Activity |
Below are the entries. Set down exactly the line containing "Te Whaihanga Series" and each line after it.

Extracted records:
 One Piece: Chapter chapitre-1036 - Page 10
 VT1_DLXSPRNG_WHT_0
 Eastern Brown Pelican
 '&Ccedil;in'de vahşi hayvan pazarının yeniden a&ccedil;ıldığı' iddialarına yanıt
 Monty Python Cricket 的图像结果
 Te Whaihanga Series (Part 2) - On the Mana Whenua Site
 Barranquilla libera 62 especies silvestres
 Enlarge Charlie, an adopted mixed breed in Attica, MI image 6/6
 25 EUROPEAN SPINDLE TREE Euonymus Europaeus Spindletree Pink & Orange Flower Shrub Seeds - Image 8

Exercise response |
 Te Whaihanga Series (Part 2) - On the Mana Whenua Site
 Barranquilla libera 62 especies silvestres
 Enlarge Charlie, an adopted mixed breed in Attica, MI image 6/6
 25 EUROPEAN SPINDLE TREE Euonymus Europaeus Spindletree Pink & Orange Flower Shrub Seeds - Image 8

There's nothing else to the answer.